> [EXERCISE DIRECTIONS]
Quote the lines below from the one containing "1 Pack Digital Kitchen Timer" to the final line, both ends included; exclude the pictures.

> [COLLECTED MATERIAL]
════════════════

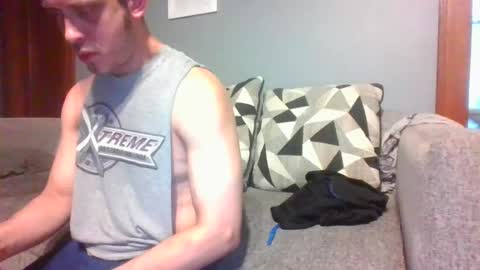 blaw_1321 online show from July 31, 6:13 pm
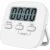 1 Pack Digital Kitchen Timer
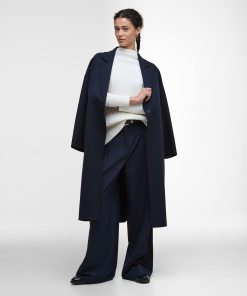 Jessehosten.shopLKN1169WH51AQJS 2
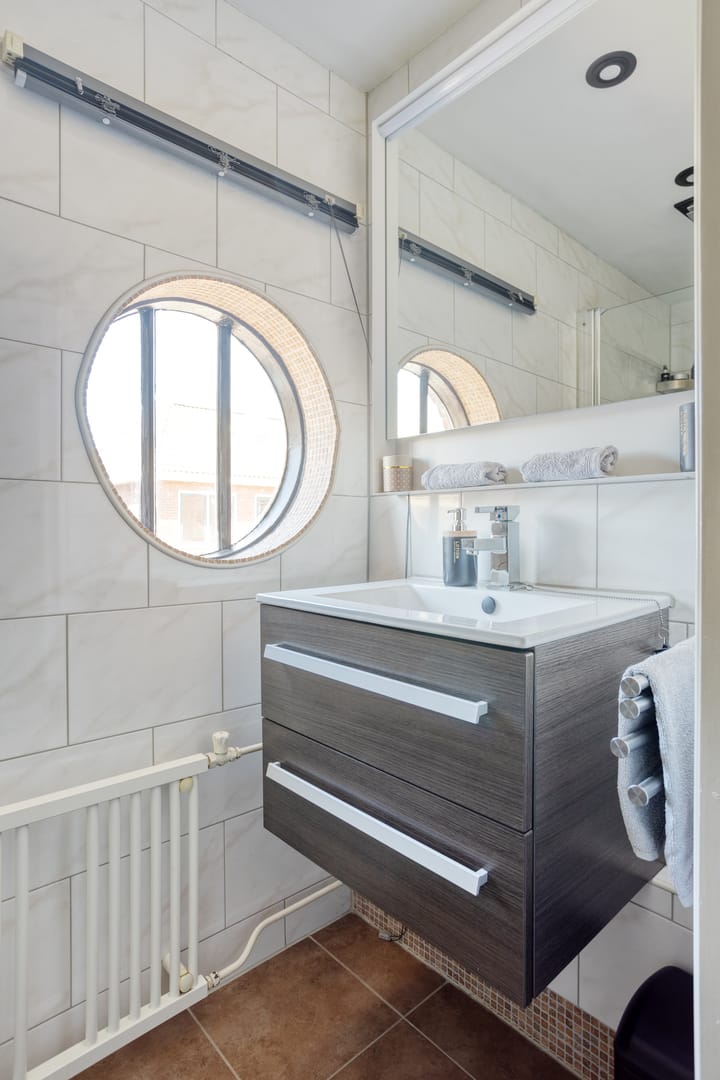 Foto 25 van Tomatenstraat 1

════════════════

> [YOUR RESPONSE]
 1 Pack Digital Kitchen Timer
 Jessehosten.shopLKN1169WH51AQJS 2
 Foto 25 van Tomatenstraat 1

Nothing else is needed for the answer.